Ir al contenido

Las claves: Marruecos y la paradoja de la economía de dos velocidades

Unas cifras macroeconómicas positivas no siempre se traducen en una mejora de la calidad de vida de los ciudadanos

Menores migrantes en Ceuta, el pasado lunes. Reduan (EFE)

La llegada masiva de migrantes a Ceuta el pasado 30 de julio deja varias conclusiones, y ninguna positiva. Para entender las causas de que más de 70.000 personas se organizaran para cruzar en masa la frontera, además de factores políticos, hay que detenerse en la realidad económica de Marruecos. Pese al crecimiento del país, con un potente desarrollo de la industria automotriz y aeronáutica, materializado en relucientes estadios, la situación financiera de la población, especialmente de los jóvenes, sigue siendo dramática.

Esta situación comparte algunos rasgos con España –donde los datos, eso sí, son mucho mejores– y hace reflexionar sobre cómo un país puede moverse a dos velocidades completamente distintas. Las cifras macro, de las que los gobernantes suelen estar muy pendientes, que dejan grandes cifras de recaudación, pueden ser deslumbrantes. Sin embargo, no siempre se produce el salto a la mejora de la calidad de vida de los ciudadanos. Ya hemos visto las catastróficas consecuencias que esta asimetría ha provocado en Marruecos y, a juzgar por la ola de insurrecciones juveniles que se esparcen por el hemisferio sur, podrían no ser las últimas.

Una medida de transparencia sin la precisión suficiente

Desde el pasado día dos, todos los textos que hayan pasado por Claude, aunque haya sido solo en labor de edición, llevarán una marca de agua oculta que permita identificarlos. La medida está pensada para cumplir con el Código de Transparencia de la UE.

Hay ámbitos en los que la IA puede ser regulada. La pregunta es si esta medida, que no resolverá ninguno de los potenciales peligros que podría conllevar esta tecnología, sea la adecuada. Bien empleada, la IA puede disparar la productividad y liberar a los trabajadores de tareas mecánicas, para dedicarse a labores más creativas. Una marca de agua no discrimina el buen uso del mal uso.

Los empleados de Airbus se ven fuertes para mantener el pulso

El conflicto laboral entre Airbus y sus empleados se ha enquistado. El pulso comenzó con la convocatoria de una huelga que tenía como principales reivindicaciones la recuperación del poder adquisitivo perdido desde la pandemia y el mantenimiento de dos días de teletrabajo semanales. Se alcanzó un acuerdo con la compañía, pero la plantilla lo rechazó. La negociación se retomará el 20 de agosto.
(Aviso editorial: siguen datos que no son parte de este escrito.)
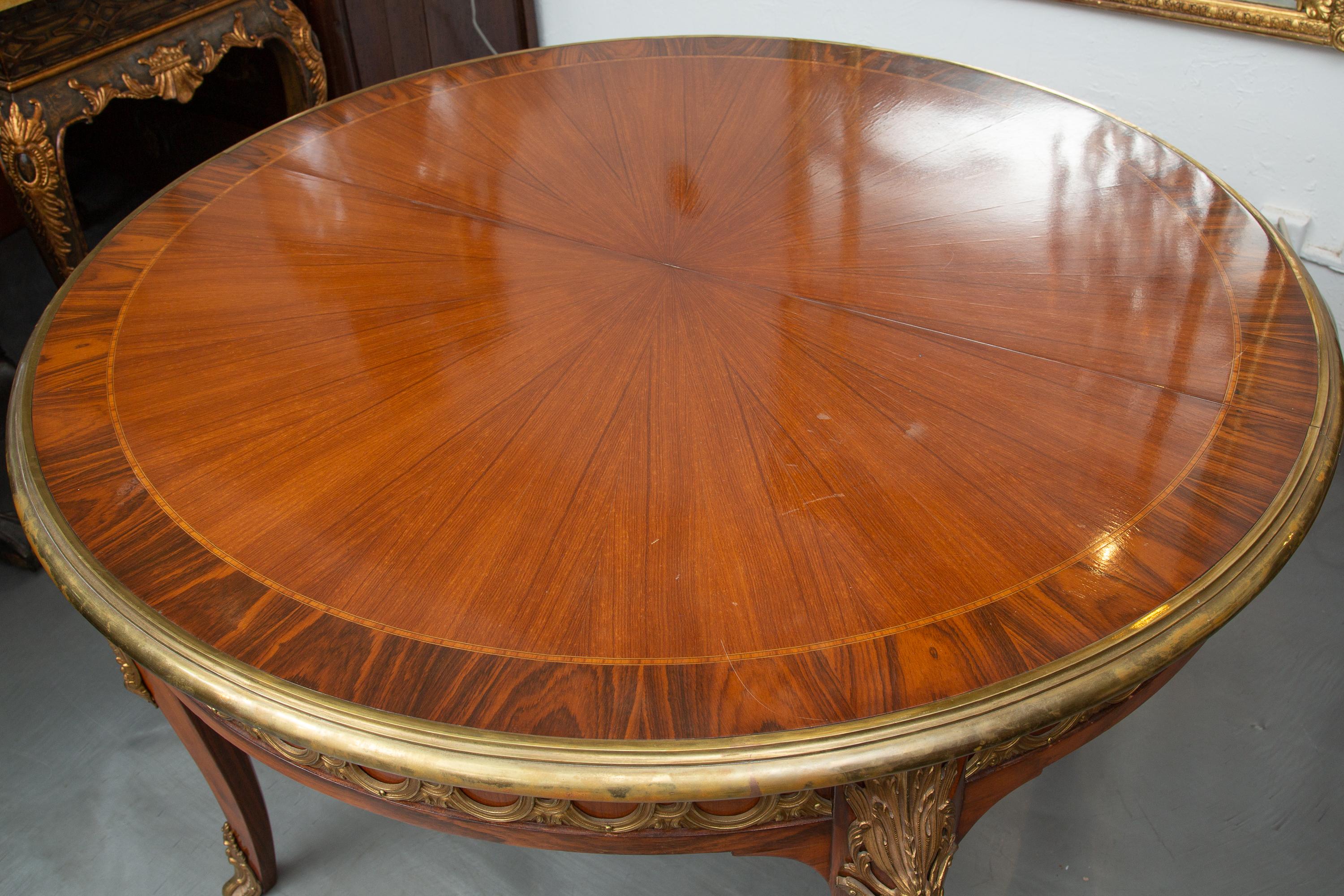 French Louis XV Style Mahogany and Rosewood Dining Table 7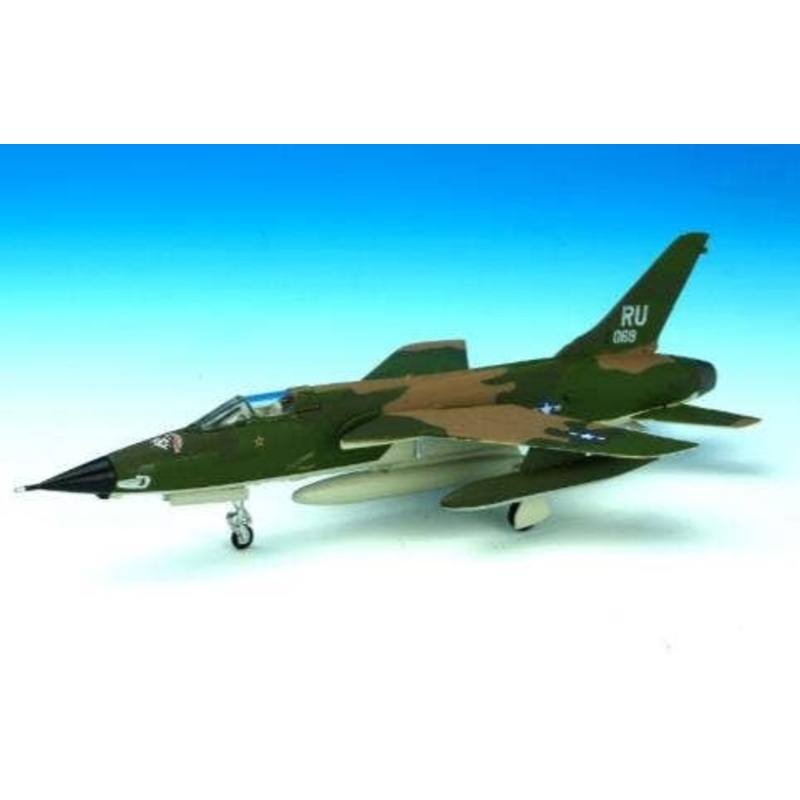1/144 F-105D Thunderchief 355TFS 357TFS "Cherry Girl"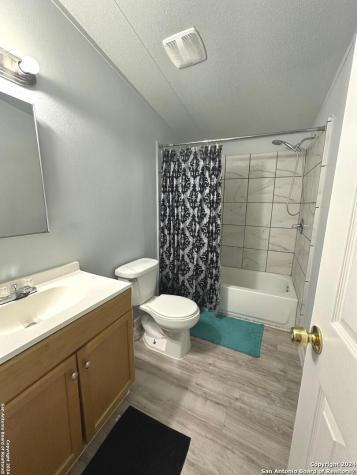 240 Lakeview Pleasanton TX 78064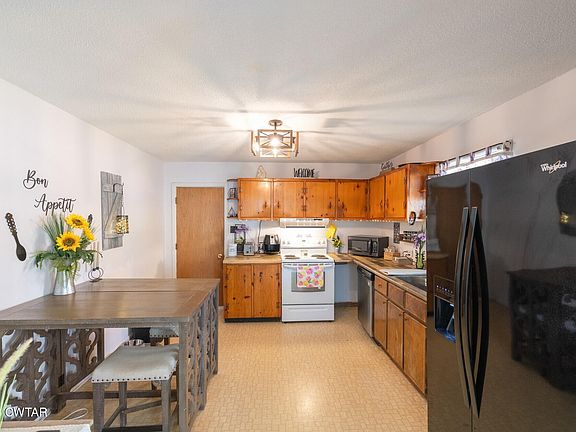 5th image of 252 Luna St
La plantilla es consciente de que Airbus ha aumentado un 47% su beneficio en el primer semestre, impulsada por el auge del gasto europeo en defensa, y ha recibido importantes contratos en España. La empresa se ha mostrado en todo momento partidaria del diálogo, pero sus buenos resultados también ofrecen a los trabajadores argumentos para reclamar una mejora de sus condiciones.

La frase del día

No podemos construir una nueva Hungría basada en la venganza
András Baka, presidente de Hungría

Los consumidores no se ponen quisquillosos con los diamantes

La aparición de los diamantes sintéticos está haciendo temblar a los vendedores tradicionales de esta piedra. Las réplicas son casi indistinguibles a simple vista. Los consumidores no han tardado mucho en darse cuenta, y el resultado es que los diamantes naturales de 0,5 y un quilate han perdido la mitad de su valor desde comienzos de 2023.

Este es un valioso ejemplo de que el valor de un objeto no se mide por sus características objetivas, sino por su escasez. Pero también que la escasez (los diamantes naturales siguen sin poder ser replicados con exactitud) no es suficiente para mantener el precio de un producto. El sueño de los alquimistas parece más cerca de realizarse, lo que, por otro lado, se convierte en la pesadilla terrorífica de los vendedores de diamantes.